We especially like bedtime as we get lots and lots of scritches and cuddles.
Weekends are the best!
Purrs Georgia and Julie,
Treasure and JJ
Weekends ARE the best, kids! Our mom works at home, so every day is a weekend! We are so lucky.
Hi Bernadette. I’m a friend of a friend of yours, Donna. I recently started to visit your Website and blog. I wanted you to know how much I’m enjoying your wonderful stories and art. I’m the mom of a 5 month old pure black kitty named Paris whom I rescued from the woods. Your stories speak to me. You are a wonderful writer and artist. Thank you for sharing your life with these gorgeous beings with us.
Mary Beth, thank you so much for the wonderful comment! That’s just why I share all the varied things I do, it’s kind of how life is. Thank you for rescuing Paris!
Now that is a lap full of cats. How neat to see. Most or maybe all are black beauties too. Good for you for adopting the hard to place kitties.

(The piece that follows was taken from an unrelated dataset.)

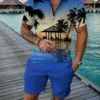 Hawaii 2pcs sets 3D Coconut tree print Zipper Polo Shirt Short Sleeve Shirt and Shorts Casual Fashion Zip-Up Man 2PCS Sweatshirt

Mario, it is a lap full! And they are all rescues, no adoptions. Five of them are a mom and her now grown up kittens I took in from a neglectful neighbor, but the mom had had other litters and one of the kittens died of FIP–her name was Lucy and you may have read about her here. I kept that mom cat, who is now Mimi, and her kittens, Giuseppe, Mewsette, Mr. Sunshine and Jelly Bean, for a full year in case any FIP symptoms arose, but they did not. I never found adopters for them, but did for many others, but I’m not really unhappy about that–they are wonderful photo an dart models. This “feline family” is the most recent–my rescues go back to the 1980s, all colors and sizes. Thanks for visiting!